* [Exercise requirements]:
Leaving out the pictures, return each line of the entries from the first through the line with "Close-up of silk", and only those lines.

==========

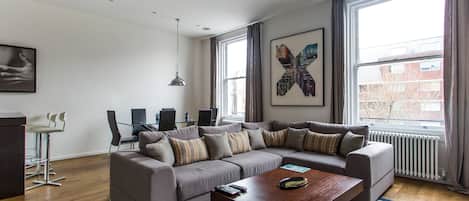 A modern living room with a sectional sofa, a coffee table, and a dining area with a desk and chairs.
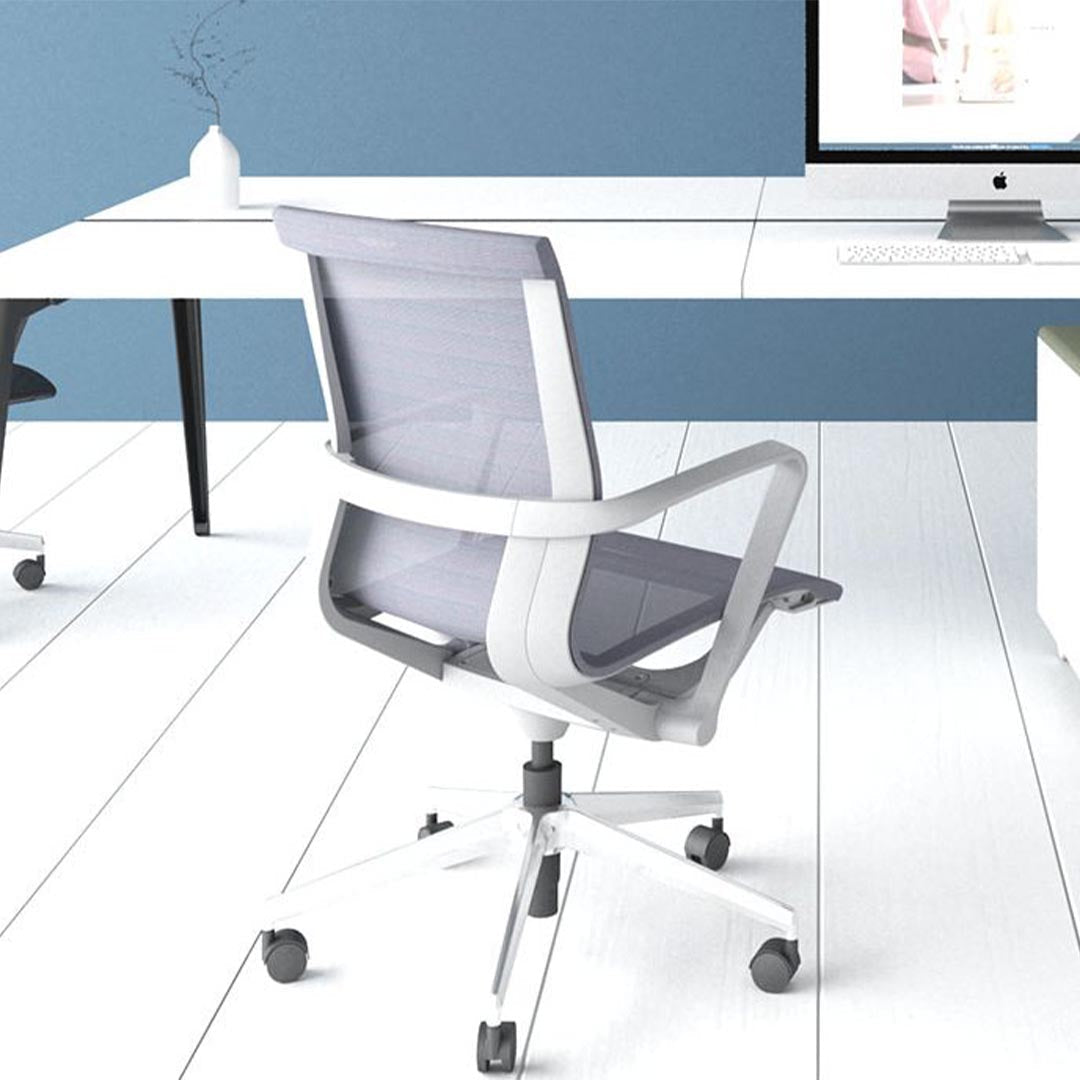 Prov Mesh Black Mid-Back Conference Chair. Back angled view at desk. Kansas City office furniture.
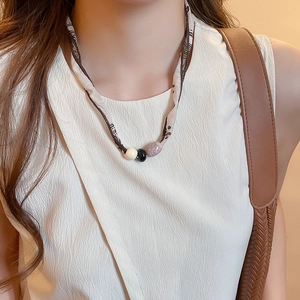 Close-up of silk scarf necklace with ivory, black, and marble-textured beads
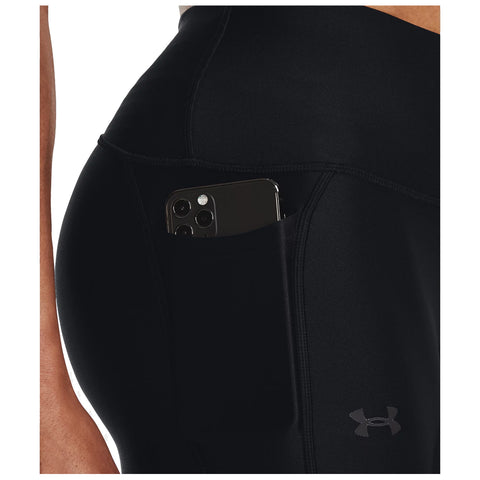 Black athletic leggings with a smartphone tucked into a side pocket are shown. The context suggests an active environment, suitable for exercise or casual wear. An Under Armour logo is visible.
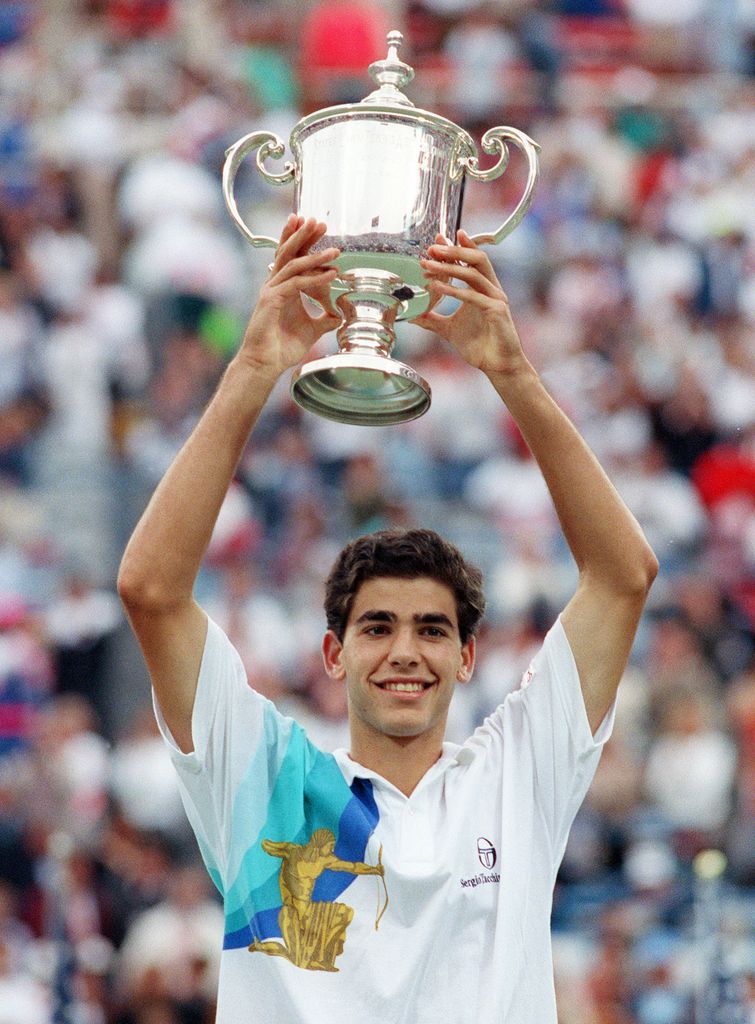 tennis player holding trophy above head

==========

* [Response area]:
 A modern living room with a sectional sofa, a coffee table, and a dining area with a desk and chairs.
 Prov Mesh Black Mid-Back Conference Chair. Back angled view at desk. Kansas City office furniture.
 Close-up of silk scarf necklace with ivory, black, and marble-textured beads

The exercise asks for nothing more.